The strategy rightly distinguishes between the position of children and adults. A more interventionist approach is entirely acceptable in schools. A (rather grandly titled) National Child Measurement Programme was introduced in 2005 so that elementary information - the height and the weight of each boy and girl - could be collected. It was decided, though, to allow parents to have an opt-out from the height chart and the scales, and initial evidence suggests that it is precisely those who need to be checked the most whose details are not being recorded. That anomaly has to be ended. Advice to families cannot start until the extent of any weight problem that a child might have is known and a remedy considered.
Elsewhere, ministers can point to better outcomes. The initiative to raise nutritional standards in school meals has been firmly established, but would reap more rewards if all pupils had to remain on the premises during the lunch period. Most encouragingly, the amount of time devoted to PE and sports in school is increasing. It would be better, nevertheless, to entrench that trend rather than make cooking classes a compulsory element of an already overcrowded national curriculum between the ages of 11 and 14.
A lighter touch should be taken with adults. There is a strong case for more explicit labelling of food products, such as the “traffic light” system that has been introduced recently, and manufacturers and retailers alike should be encouraged to reach agreement on common standards for this. People are entitled to consume unhealthy foods out of free choice but they should not do so just from ignorance.
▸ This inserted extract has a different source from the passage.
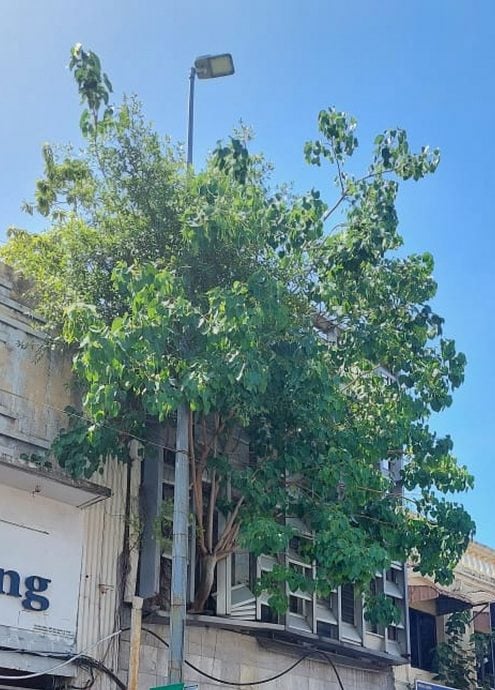 （古城第二版主文）武牙拉也街头近年来陆续有不同风格的咖啡馆成立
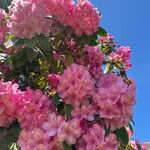 Rhododendron spp. Virág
Alan Johnson, the Health Secretary, is also right to highlight the merit of exercise and to promote sport for adults, exploiting the 2012 Olympics as a catalyst. More facilities across the country would be welcome.
It is where the basics end and the blubber begins that is troubling and probably wasteful. Do we really require a National Helpline for Breastfeeding Mothers? How many women will ring it? More walking would be splendid but is creating a Walking into Health campaign, with the target of “getting a third of England walking at least 1,000 more steps daily by 2012 - an extra 15 billion steps a year” not unduly prescriptive? The announcement that there is to be a new Cabinet committee on health and wellbeing will doubtless be received with rejoicing across the land but what will be the benefits of the Government's attempt to build a “Coalition for Better Health” via “deliberative events, citizens' juries and regional summits including business, the voluntary sector, trade unions and Government”? Who might regulate all this micromanagement? Ofscoff?
Ministers will achieve far more if they focus on the essentials. In schools this means as much emphasis on “energy out” (exercise) as “energy in” (food). For adults, the same is true but it involves not treating them as children. For Whitehall, it is this: practise what you preach about obesity.